He advocated conventionalism for some principles of science, most notably for the choice of applied geometry (the geometry that is best paired with physics for an account of reality). But the choice of a geometric system is not an arbitrary convention. According to Poincaré, we choose the system based on considerations of simplicity and efficiency given the overall empirical and theoretical situation in which we find ourselves. Along with the desiderata of theoretical simplicity and efficiency, empirical information must inform and guide our choices, including our geometric choices. Thus, even with respect to applied geometry, where Poincaré is at his most conventional, empirical information is crucial to the choice we make.
Balancing the empirical element, there is also a strongly apriorist element in Poincaré’s philosophical views for he argued that intuition provides an a priori epistemological foundation for mathematics. His views about intuition descend from Kant, whom Poincaré explicitly defends. Kant held that space and time are the forms of experience, and provide the a priori, intuitive sources of mathematical content. While defending the same basic vision, Poincaré adapts Kant’s views by rejecting the foundation upon space and time. Rather than time, Poincaré argues for the intuition of indefinite repetition, or iteration, as the main source of extra-logical content in number theory. Rather than space, Poincaré argues that, in addition to iteration, we must presuppose an intuitive understanding of both the continuum and the concept of group in geometry and topology.
Jules Henri Poincaré (1854-1912) was an important French mathematician, scientist and thinker. He was a prolific mathematician, publishing in a wide variety of areas, including analysis, topology, probability, mechanics and mathematical physics. He also wrote popular and philosophical works on the foundations of mathematics and science, from which one can sketch a picture of his views.
As an eminent mathematician, Poincaré’s philosophical views were influential and taken seriously during his lifetime.
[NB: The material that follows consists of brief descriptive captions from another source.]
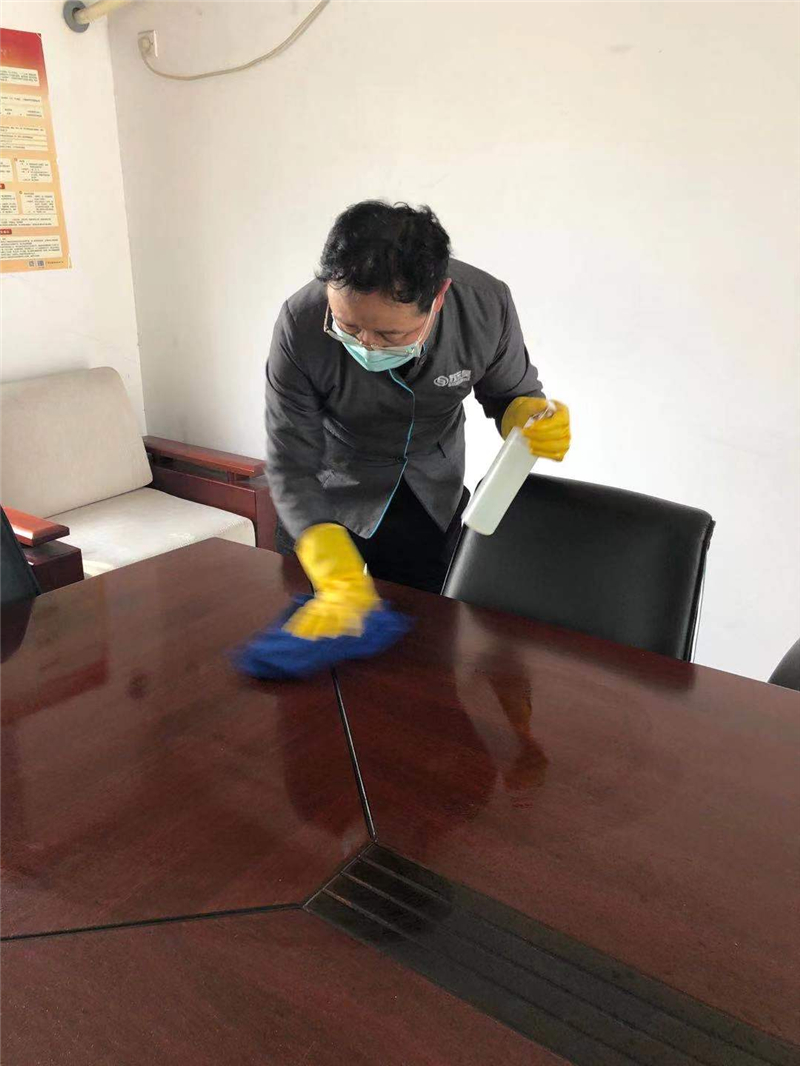 办公室消毒.JPG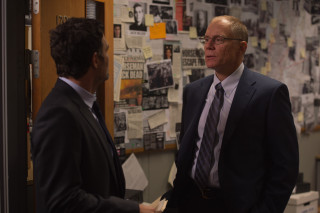 Man suit tie conversation room - paper free wallpaper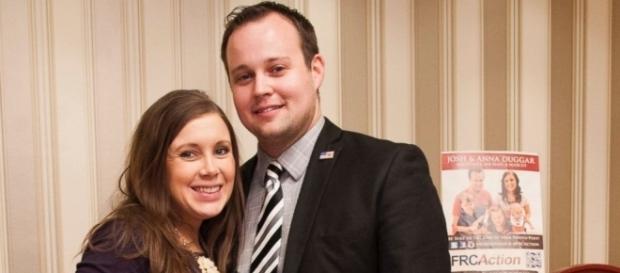 Josh and Anna Duggar Reveal They're In Marriage Counseling - ABC News - go.com Josh and Anna Duggar Reveal They're In Marriage Counseling - ABC News - go.com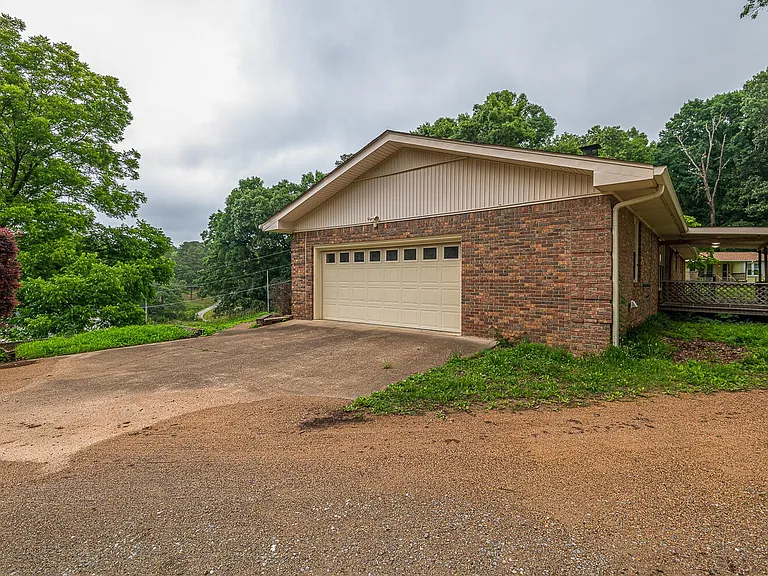 9422 Fuller Rd — Photo 21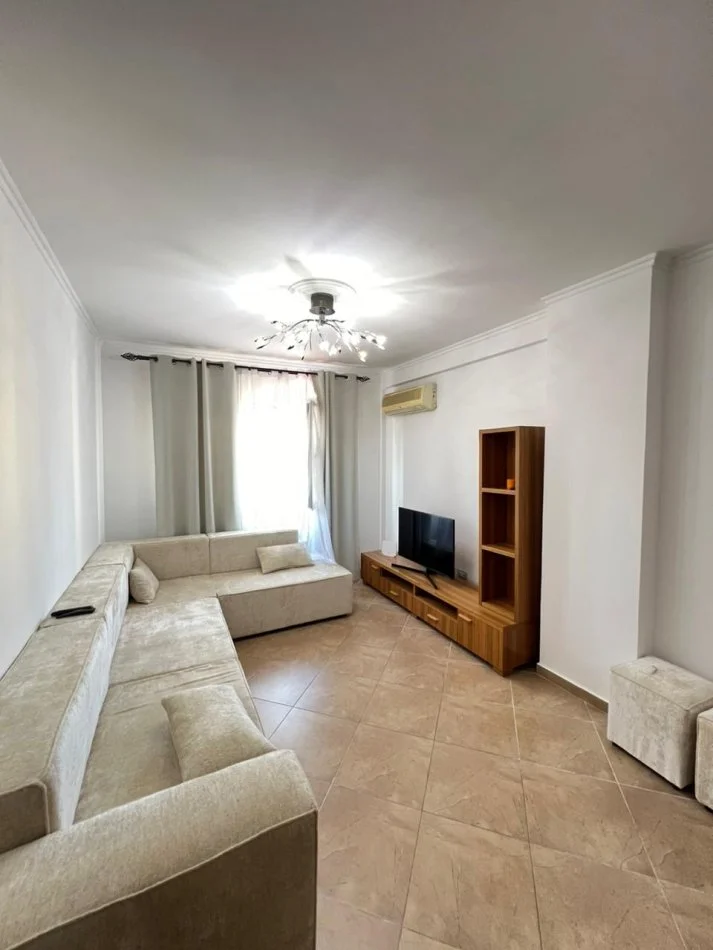 Tirane, jepet me qera apartament 2+1+Aneks+Ballkon Kati 5, 850 € 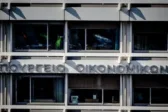 ΥΠΟΙΚ κατά ΣΥΡΙΖΑ: «20 μύθοι και 20 αλήθειες» για την οικονομία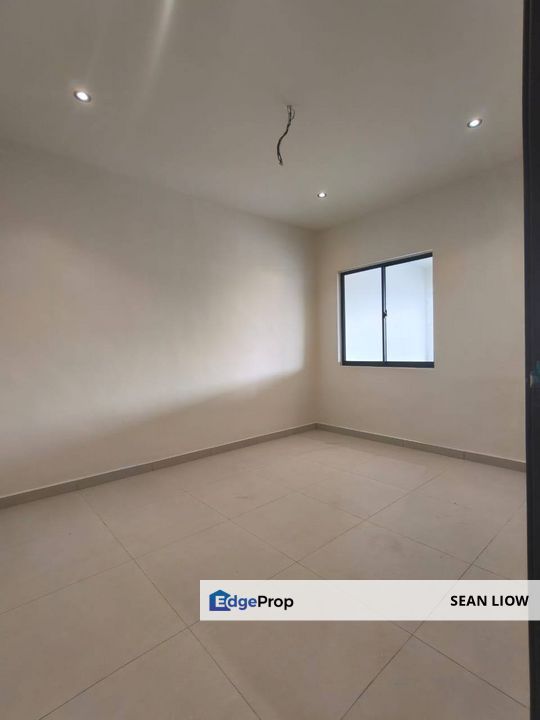 Taman Dahlia, Tampoi, Johor , Single Storey Low Cost For Sale , Johor, Tampoi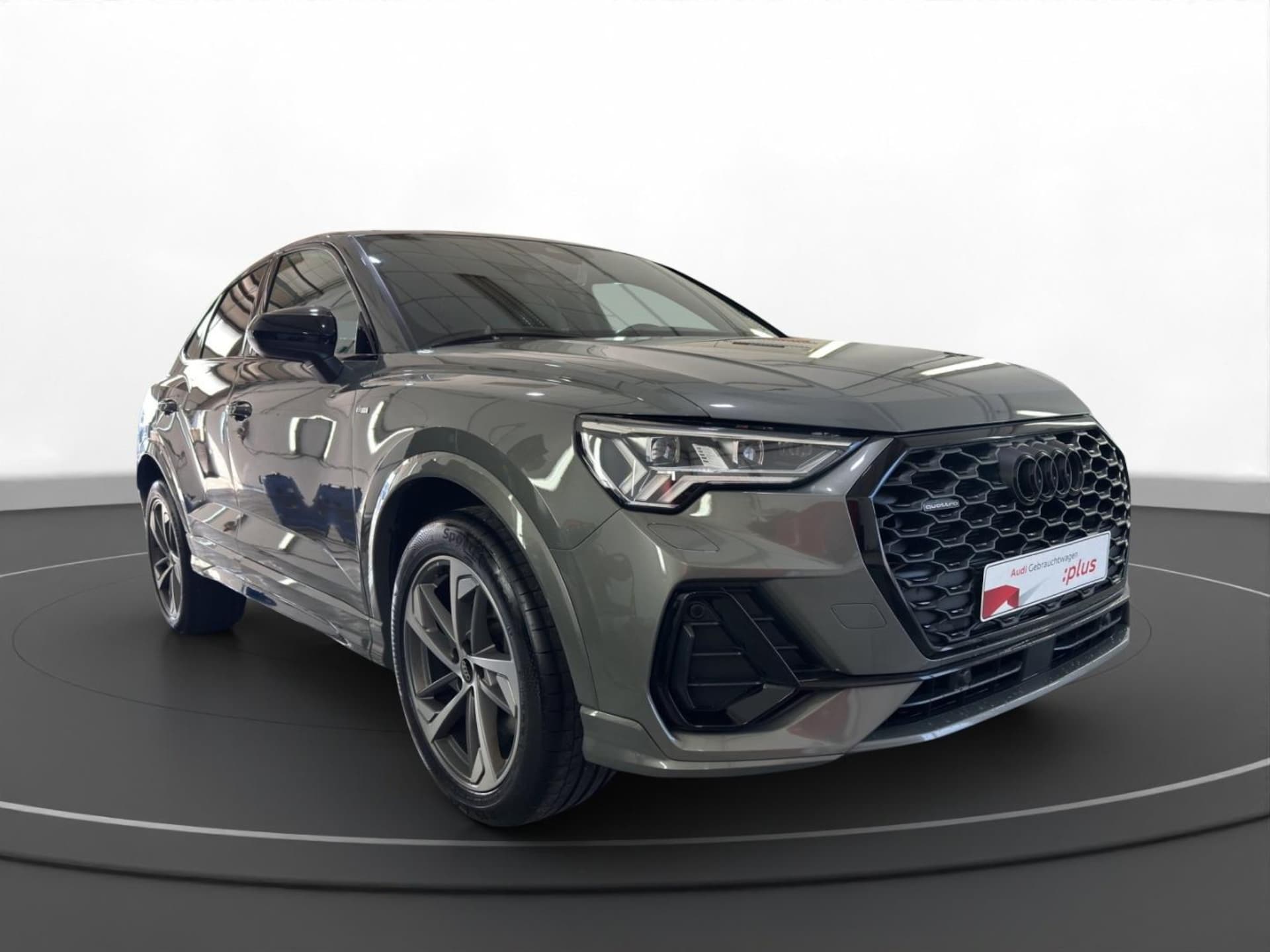 Audi Q3 Sportback S line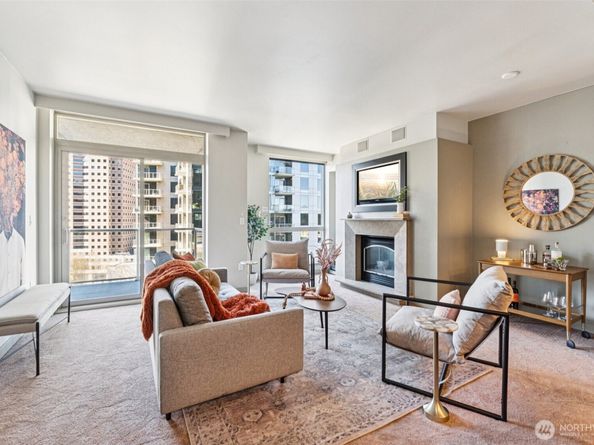 10650 NE 9th Place 1423, Bellevue WA 98004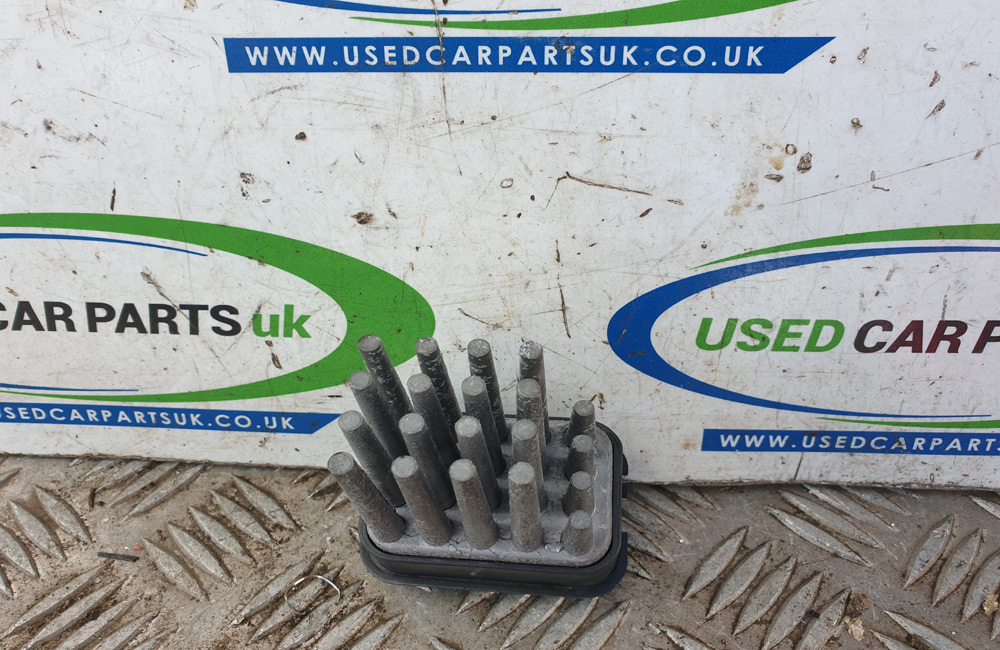 Vauxhall Zafira B heater resistor card 90566802 Used Car Parts UK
Today, however, his papers seem somewhat loose, informal, and at times polemical. Indeed many are based on speeches he gave to primarily non-philosophical audiences, and part of their aim was to entertain. One must therefore be careful when reading Poinaré not to misinterpret him as being inconsistent, or not taking philosophy seriously. He was a mathematician, not a trained philosopher. Yet he regarded philosophical and foundational questions as important to science, and one can still find many philosophical insights in his writings.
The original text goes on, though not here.